What’s more, geopolitical risks, potential trade frictions (such as between the United States and China), sustainability and ESG concerns, and growing logistics issues will drive tomorrow’s supply chain even closer to home factories. Suppliers will need to adapt to nearer supply networks, an even-greater concentration on efficiency, and labor stability to build robust upstream chains.Irrational exuberance, overcompensation
There also is a danger in changing course too quickly. What happens to suppliers that go all-in on an electrification push that does not meet expectations?
After all, it’s an industry truism that, if you added up each automaker’s calendar year sales projections, the U.S. market would be 22 million vehicles. Of course, it has never come close to that.

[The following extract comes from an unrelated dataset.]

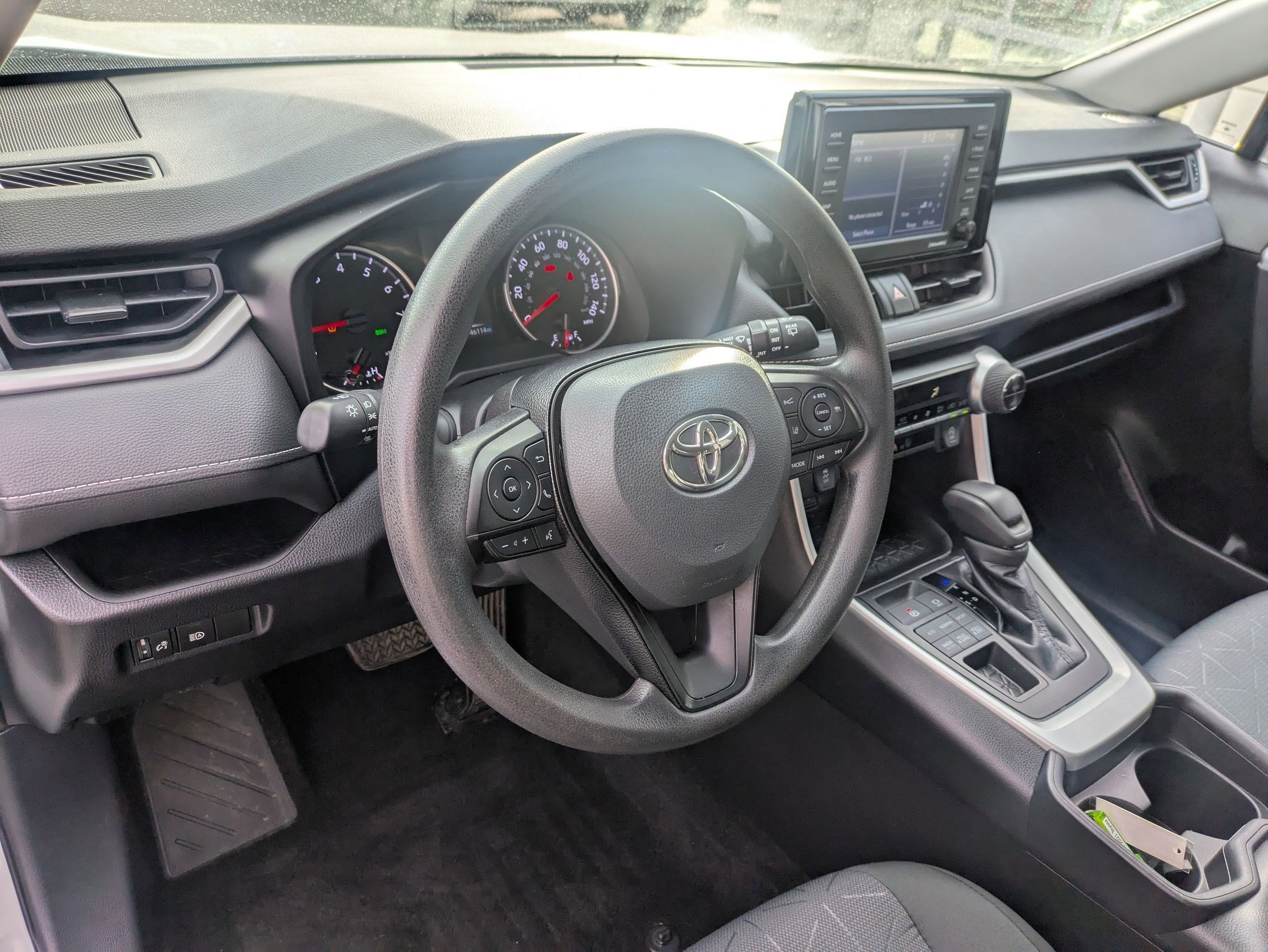 Used 2021 Toyota RAV4 XLE w/ Carpet Mat Package (TMS) image 15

Mike Wall, executive director of automotive analysis, warns that sort of overexuberance in sales projections seen with internal-combustion vehicles could happen just as easily with electric vehicles. And suppliers could end up holding the bag.
“Automakers are making some big production projections. One will say, ‘We’re going to sell 1 million EVs.’ Then the next one says, ‘We’re going to sell 2 million.’ And suppliers are being told to plan for this much capacity,” Wall said.
“If you are a supplier told to plan for a vehicle with 150,000-unit volume, what if it happens to come in at 50,000? Besides altering the basic profit potential for the part, if you amortize tooling and development costs into your piece costs, it will take much longer to recover those costs, if it ever happens. If you are a supplier, you won’t be selling at 100 per cent capacity at job one,” Wall added.
These are important considerations as suppliers venture into the quoting process for any new business, particularly electrified vehicles.
Additionally, going it alone may not be the optimal path. Reacting to new opportunities through alliances and partnerships will be key as the speed of vehicle development rises. A new competitive dynamic will emerge as reliance on past advantages gives way to a new definition of success or failure.
Those suppliers slow to transition to BEV technologies have missed the initial surge. Remember that there are three timelines in the industry:
Development (which occurs up to five years before start of production)
Tooling for production (two to three years before start of production); and
Service/aftermarket requirements once in service.
It’s a harsh assessment, but given the time factors involved, a supplier’s strategic perspective needed to be in play years ago. In an industry built on relationships, the need to break into the BEV supplier base will be frenetic. But BEV propulsion uses a fraction of the parts required for internal combustion, and as a result, more than a few suppliers will be left standing without a chair when the music stops. The level of displacement and disruption will be significant. Planning ahead is critical to survival.